Multiple sclerosis – white spots and red flags – part 2

Mimics and Variants

Demyelinating disease is a common situation we encounter in neuroradiology, and properly diagnosing and tracking it using MRI is a key skill for neuroradiologists. In this second part of the lecture, Dr. Michael Hoch gives us some tips about other causes of white matter lesion, and information we can use to make our imaging diagnosis of multiple sclerosis more specific.

Clinical history has an important role in determining how specific imaging findings are for multiple sclerosis. Some features may suggest that a patient does not have multiple sclerosis, such as if they are the wrong age (< 20 or > 50 years old), if they have abrupt swift progression, if they have systemic symptoms such as fever or weight loss, and if they have uncommon CNS symptoms such as a movement disorder or meningitis signs. MS lesions also usually occur in some specific locations, such as in the corpus callosum, temporal lobe, periventricular white matter, and juxtacortical white matter.

Mimics of Multiple sclerosis

So, what are some of the common mimics of MS?

Migraine – migraine is the most common cause of non-specific white matter abnormalities in young patients, occurring in more than 50% of patients with migraine

Chronic small vessel ischemia – more common with increasing age, and worsening with risk factors such as diabetes, hypertension, and smoking

CNS vasculitis – an inflammatory syndrome of the intracranial vessels. Be on the lookout if someone has a history of TIAs or thunderclap headache, or systemic symptoms.

Behcet’s disease – a vasculitis most common in young males, characterized by brainstem involvement and oral ulcers

Susac syndrome – an autoimmune microangiopathy overlapping MS in age distribution. However, patients more often have a triad of encephalopathy, hearing loss, and visual changes. Corpus callosum involvement is more likely to be central. 

CADASIL – an autosomal dominant syndrome characterized by frequent infarcts. Look out for the characteristic locations in the temporal poles, external capsules, and paramedian superior frontla lobes. It is also usually quite symmetric.

Other rarer mimics are Neuro-Sweets disease and Lyme disease, which can cause white matter abnormalities.

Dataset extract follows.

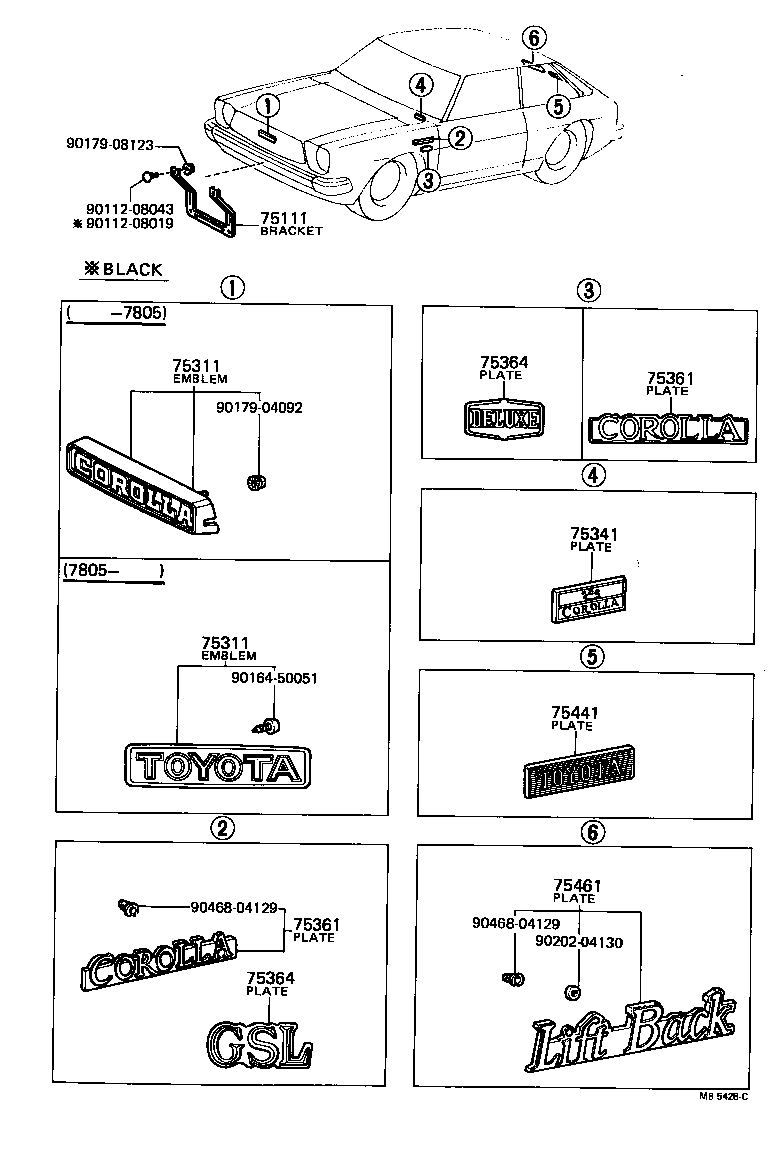 Figure MB5428C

Key take home points of this lecture include:

  • Multiple sclerosis is a clinical diagnosis, not an MRI diagnosis
  • White spot lesion location matters
  • Juxtacortical lesions must touch the cortex
  • Aggressively window the spine to look for cord lesions
  • Leptomeningeal enhancement is possible in multiple sclerosis

Variants of demyelinating disease

There are several common variants that you should know about across the demyelinating spectrum:

ADEM – acute disseminated encephalomyelitis – an autoimmune mediated and often self limited fulminant demyelinating process. May be related to a viral illness or vaccination.

Marburg disease – a clinically fulminant demyelinating disease usually affecting younger patients with a febrile prodrome.

Balo concentric sclerosis – a rare and monophasic demyelinating disease characterized by large lesions with alternating zones of demyelination/myelination

Tumefactive demyelinating lesions (TDL) – large and often fulminant demyelinating lesions that have mass effect and can mimic tumors. Perfusion imaging with low blood volumes can help differentiate from masses.

Neuromyelitis optica (NMO) – a demyelinating syndrome characterized by post-chiasmatic optic neuritis and long segment spine lesions. This is mediated by an aquaporin-4 antibody.

Progressive multifocal leukoencepalopathy (PML) – a JC virus mediated demyelinating lesion that occurs in immune suppressed patients. Usually has little or no enhancement and favors a subcortical location.

Summary

In summary, there are a couple of key things to keep in mind when evaluating potential demyelinating lesions:

  • Read the chart for clinical red flags
  • Look at the MRI for imaging red flags, like strokes, hemorrhages, cysts, findings that are too symmetric, subcortical, or normal
  • Remember that white matter lesions from migraine and microvascular disease are far more common that multiple sclerosis
  • NMO has differentiating features
  • PML is a rare complication of immune suppressing medications in MS patients

 

The level of this lecture is appropriate for radiology residents, radiology fellows, and trainees in other specialties who have an interest in imaging or treating patients with potential demyelinating diseases.

This video is part of a two part series on multiple sclerosis presented by Dr. Hoch.

If you haven’t seen it already, go back and check out part 1, in which Dr. Hoch discusses the key findings of demyelinating lesions.

Multiple sclerosis – white spots and red flags

Demyelinating disease is a common situation we encounter in neuroradiology, and properly diagnosing and tracking it using MRI is a key skill for neuroradiologists. In this two part lecture, Dr. Michael Hoch instructs us on how to approach white matter abnormalities in the brain and use them towards making a diagnosis of multiple sclerosis. The first part is focused on key tips on making a diagnosis of demyelinating disease while the second is focused on potential pitfalls.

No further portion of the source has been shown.